Filed in Birds, Science

Comments on this entry are closed.

  • Too chicken to give my name on this one May 19, 2006, 4:38 pm

    Jackson's article, as I read it, made the argument that "Your (CLO's) evidence is flimsy, and that justifies my rebutting it with even flimsier evidence of why the bird can't be there." He managed, however, to omit a few reasons that did appear in his book – like the fact that his assessment that the IBWO was unlikely to be in the Big Woods area was based on a drive-around of a couple of hours duration.

    And do we need to remind ourselves that opinion is not science?

    That isn't to say that I believe. I don't know enough to believe or not believe. When I saw the de-interlaced, 4x, half speed video, the very first thought through my mind was "am I looking at the top of the wing or the underside of the wing?" I just don't have the nerve to ask questions like this, so I kept it to myself, thinking that only a really bad birder or an idiot wouldn't be able to figure out if that was the top of the wing or not.

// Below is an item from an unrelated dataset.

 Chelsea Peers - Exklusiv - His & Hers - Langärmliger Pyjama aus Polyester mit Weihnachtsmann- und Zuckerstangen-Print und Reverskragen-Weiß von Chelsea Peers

    I think the last paragraph of the American Bird Conservancy statement on the situation (the whole thing is probably too long to post here, but I'll forward it to you) says it all:

    Conservation often requires working against the long odds of insufficient time, too little data, and meager funding, but waiting to act until perfect knowledge is achieved can mean acting too late. Those working on the Ivory-billed Woodpecker today are doing what should be done, and we at ABC fully support their activities. We in the bird conservation community cannot allow unfair criticism and unsubstantiated claims to adversely affect our conservation work. We encourage you to support the partners involved in Ivory-billed Woodpecker recovery, not blindly or without healthy skepticism, but with appreciation for the honesty and competence with which they are doing difficult work in the face of negative publicity.

    Bottom line: yesterday's announcement brought me to tears.

  • Jay May 19, 2006, 11:22 pm

    I heard Gallagher give a talk at a birding festival last fall where I lead trips. The presentation was good, he was very personable, but for not making any more contact with the birds since, you gotta wonder. The one thing that really peaked my interest and still has me wondering is that Gallagher presented locations where double-taps consistent with Campephilus woodpeckers were recorded by the automated devices out there. Apparently (at least this is what I gathered at the time) all the noises were coming from two locations, and these were the locations where visual sightings had taken place… If that's true (it's easy to not get all the facts or draw the wrong conclusions), that a very interesting occurance. Not proof. Just a great reason to keep looking.

    As you noted, the atmosphere is quickly turning into a cesspool. I think for the people that were involved in announcing the rediscovery, there's too much riding on the line to admit they might be wrong.

    Time will tell. In the meantime, here's hoping that the animosity gets taken down a notch or two.

  • Nuthatch May 20, 2006, 6:32 am

    Early on, I was at an invitation-only presentation given by Lammertink. I, too, was really impressed and pretty convinced. But I'm no woodpecker, audio/video, or identification expert, so I was equally swayed by Sibley's paper and the points made by other people more experienced than I am. So, there are two plausible explanations for the evidence presented. Frankly, I don't know who is right, but the snarkiness is a real turn-off and past the point of being productive, I think.

  • tai haku May 20, 2006, 9:00 am

    When the "rediscovery" story first broke I wasn't all that surprised – there's a lot of habitat that doesn't get visited a lot so why shouldn't there be a remnant population there? But then the issues started being raised and questions were being asked. Its important that these questions are asked but they seem to have triggered a rather too heated debate.

    This shouldn't be about who is right it should be about finding out the answer. The current debate isn't doing anyone a lot of good…and given the forces arrayed against good environmental science we could do without this as well.